Prerequisite readings:
When attempting to apply a client’s update to some branch, the server must be able to gracefully handle the case that the update condition is not satisfiable on the latest snapshot (i.e., the graph pattern(s) in the user’s WHERE
block). This can happen either because (a) another client updated the model concurrently, or (b) the local client was using stale knowledge, or (c) the client submitted an unsatisfiable update condition. No matter the cause, the sever should attempt to apply the client’s update onto a version of the model that satisfies the update condition. If successful, the server should deem the update as causing a merge conflict and create a new branch to be diff'ed against. If unsuccessful, the server can respond with the appropriate 412 Precondition Failed HTTP status.
In order for the server to conduct its attempts at finding a version of the model that satisfies the update condition, it must have snapshots of those versions to query against. Iterating through the entire commit ancestry of the current branch and building a snapshot for each version would be very costly in terms of time and resources. A more optimal approach would be to narrow the number of versions to check and only evaluate the update condition on existing snapshots. For these reasons, SPARQL updates submitted to Layer 1 virtual endpoints are required to specify the commit that the update is intended for by providing the request header X-MMS-Context-Commit-Id: {COMMIT_ID}
. The server will then treat this as the earliest allowable commit from which to branch in case the update condition is not satisfiable on newer commits.
Merge Conflict Example
As an example, consider the initial state of the model having the commit hash e4a1c
:
# snapshot mms-object:Snapshot.e4a1c graph mms-graph:Model.Example.master { :Alice a :Person . :Bob a :Person ; :dislikes :Alice . }
Client X submits the update:
POST /projects/example/ref/master Content-Type: application/sparql-update X-MMS-Context-Commit-Id: Commit.e4a1c delete data { :Bob :dislikes :Alice . }
Which gets applied and creates a new state of the model having commit hash 17ccd
:
# snapshot mms-object:Snapshot.17ccd graph mms-graph:Model.Example.master { :Alice a :Person . :Bob a :Person . }
Then, Client Y submits an update targeting the same branch but a previous commit e4a1c
:
POST /projects/example/ref/master Content-Type: application/sparql-update X-MMS-Context-Commit-Id: Commit.e4a1c delete { :Alice foaf:knows :Bob . } where { :Bob :dislikes :Alice . }
Notice that the update condition :Bob :dislikes :Alice
is not satisfiable on the latest version 17ccd
. The server then traverses up the commit ancestry until reaching an existing snapshot, or reaching the terminal commit e4a1c
, at which point it retests the update condition. Since the condition is satisfied by e4a1c
, the new commit must reference it as the parent commit, making the commit tree look like this:
[master] ╭--17ccd (x)--e4a1c ╰--8f155
Where 8f155
is the new commit created by Client Y's update. Since this new commit does not append to the HEAD of master, this unwanted divergence in the commit chain is classified as a merge conflict between 8f155
and 17ccd
.
The server responds to Client Y’s update with the following headers:
X-MMS-Context-Project-Id: Project.Example X-MMS-Context-Ref-Id: X-MMS-Context-Commit-Id: Commit.8f1dd X-MMS-Conflict-Commit-Id: Commit.17ccd
Update algorithm
1.0. Input values
Let the following identifiers represent constant values given by the update request:
PROJECT_ID
andREF_ID
- taken from path parameters/projects/{PROJECT_ID}/refs/{REF_ID}
UPDATE_CONDITION
- theWHERE
block of the SPARQL update bodyTERMINAL_COMMIT_ID
- taken from the requisiteX-MMS-Context-Commit-Id
header
1.1. Commit selection
The first set of IO operations that take place on the server are about finding a version of the model that satisfies the UPDATE_CONDITION
. If there is no UPDATE_CONDITION
in the update request, the algorithm selects the latest commit associated with the given REF_ID
(by targeting it in the upcoming metadata update operation) and proceeds to 1.2. .

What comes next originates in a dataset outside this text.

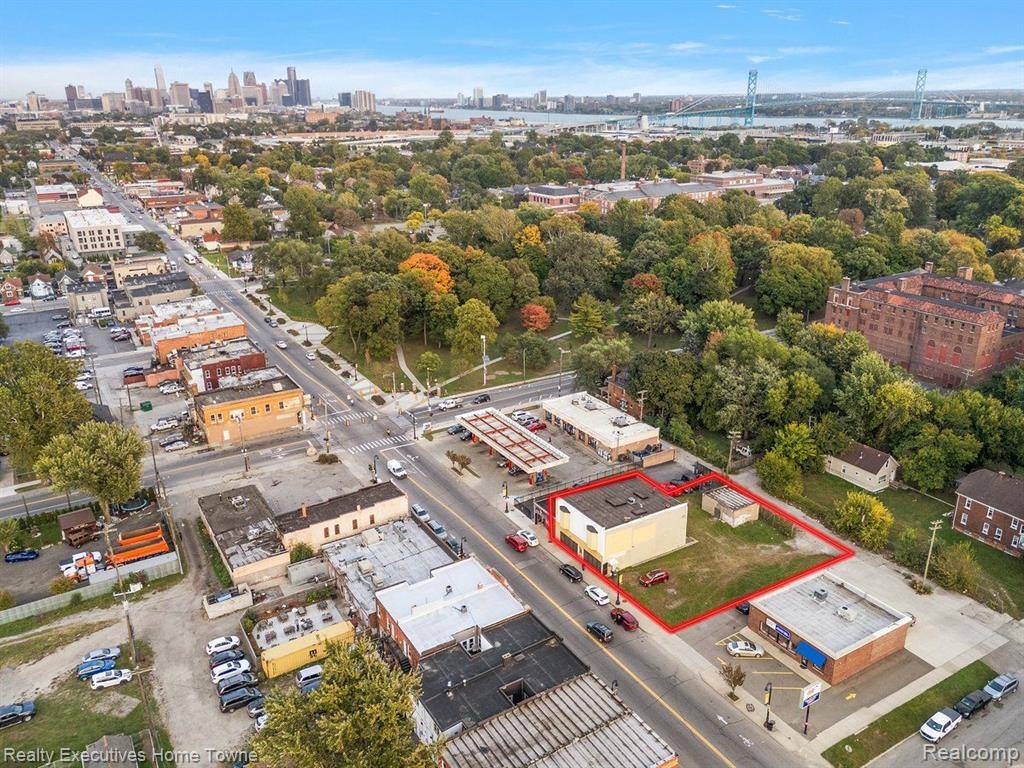 Detroit, MI 48209,4435 W VERNOR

Unfortunately, the SPARQL 1.1 Protocol does not standardize any type of response content to a SPARQL Update request. Some triplestores will provide detailed information about how many triples were affected by an update, while others simply indicate whether the request succeeded or failed as an atomic unit by using HTTP status codes. For these reasons, the server must first test the UPDATE_CONDITION
using an ASK
query before issuing an update operation. The ASK
query returns a boolean to indicate whether the given WHERE
block matches the specified dataset(s). Fortunately, the server can issue multiple ASK
queries in parallel, allowing the triplestore to handle load-balancing the queries against separate graphs and reduce the total time spent waiting for query results to determine which commit will be used to apply the update. Depending on several factors, using the read-only ASK
operation to search multiple graphs in parallel to find those which satisfy the UPDATE_CONDITION
might even outperform the aforementioned update-until-it-works technique, though this is only speculation.